La spécialisation des profils est par ailleurs en adéquation avec les besoins de la clientèle en termes d’optimisation patrimoniale. « Nous notons clairement une migration vers la valeur ajoutée des profils, précise Ben Lyon. L’époque où l’on pouvait percer dans des fonctions administratives sans diplôme est révolue. » Une tendance qui concerne les fonds, mais aussi les banques et les services financiers d’une manière générale. « Nous passons d’une organisation pyramidale à celle d’un diamant. » Les asset managers, wealth planers ou autres experts disposant des connaissances successorales cumulées aux aspects fiscaux sont ainsi recherchés.
Recherche : conducting officer
Un autre métier apparaît comme étant de plus en plus indispensable à la conduite d’activités au sein des fonds d’investissement : celui de risk manager et / ou conducting officer. La législation déployée explique, dans ce cas également, ce besoin.

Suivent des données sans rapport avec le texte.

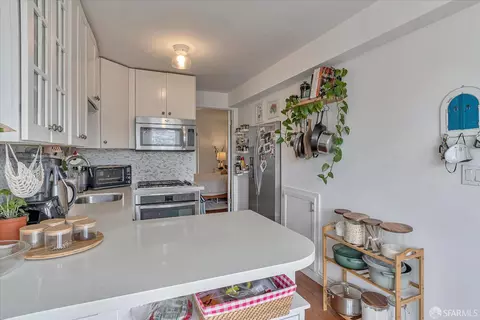Kitchen - 95 Coleridge St, San Francisco, CA 94110 photo 4 of 7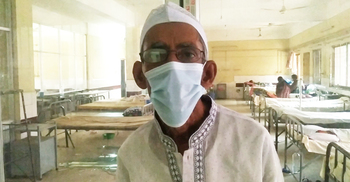 স্ত্রীর ভালোবাসায় তুচ্ছ করোনাভীতি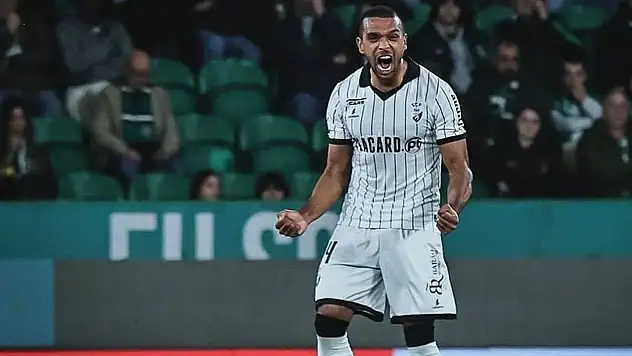 Vanspor'un Brezilyalı transferi takımla çalışmalara başladı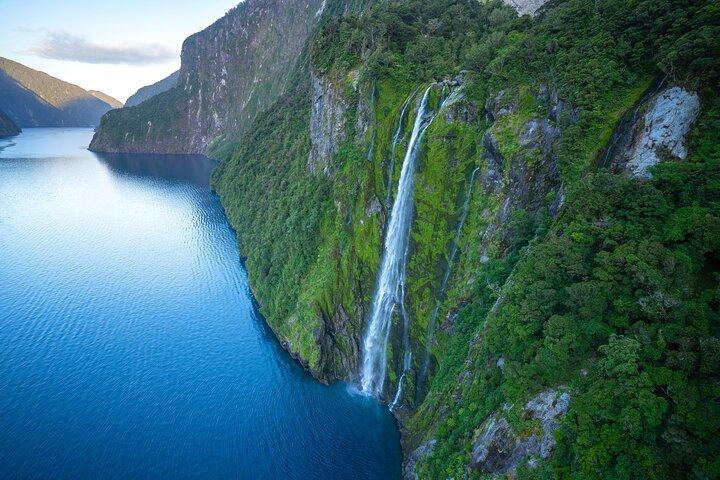 Sutherland Falls Helicopter Scenic Flight fra Milford Sound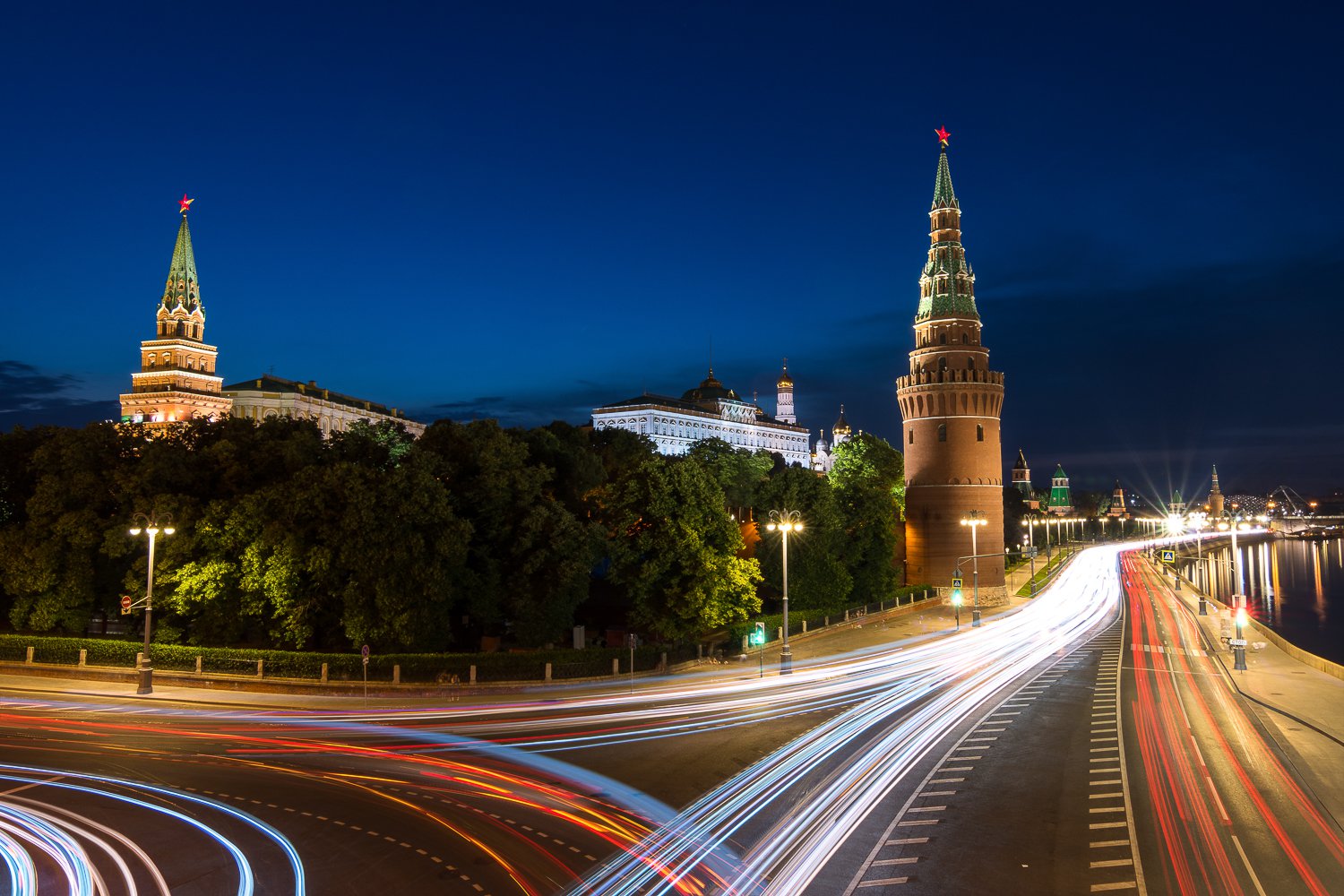 Ночная суета у кремля
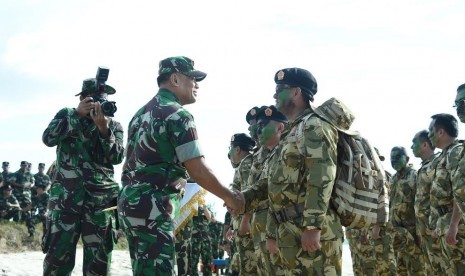  Panglima TNI Jenderal TNI Gatot Nurmantyo melaksanakan Pembaretan kepada 23 Gubernur se-Indonesia di Pantai Teluk Buton, Tanjung Datuk Natuna, Jumat (19/5).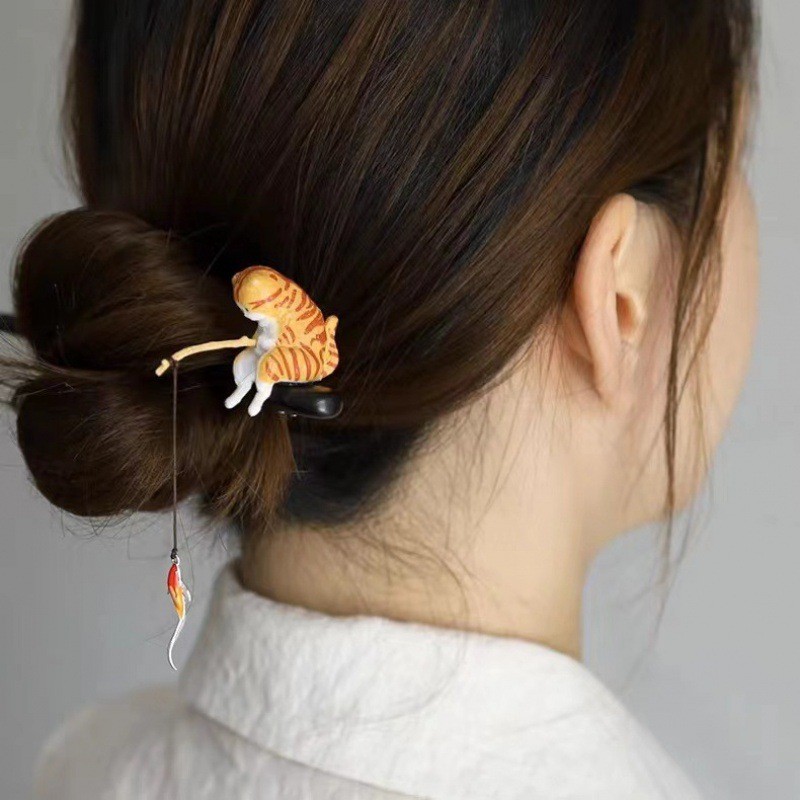 Preferred#Fishing Cat Wooden Hairpin, Niche Cute Hair Accessory for Girls, Chinese Style Updo, Simpl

Dans une circulaire datant du 24 octobre 2012, la Commission de surveillance du secteur financier (CSSF) indiquait que les sociétés de gestion luxembourgeoises chargées de gérer des organismes de placement collectif en valeurs mobilières (OPCVM) devaient disposer d’au moins deux conducting officers.
Ces dirigeants doivent également justifier d’une présence régulière sinon quotidienne à Luxembourg. « Ces personnes sont expérimentées et correspondent à deux types de parcours, ajoute Géraldine Augier. Ils proviennent de l’industrie du risk management / compliance ou ont un bagage plus opérationnel en fonds d’investissement. » Cette obligation de la CSSF peut entraîner une recherche de compétences en externe, mais les sociétés de gestion disposent souvent de cadres expérimentés qu’il faudra alors faire reconnaître auprès de cette dernière. « La CSSF délivre le titre de conducting officer non pas en fonction des études, mais de l’expérience acquise auprès d’autres sociétés et surtout de la pratique à Luxembourg », note Géraldine Augier.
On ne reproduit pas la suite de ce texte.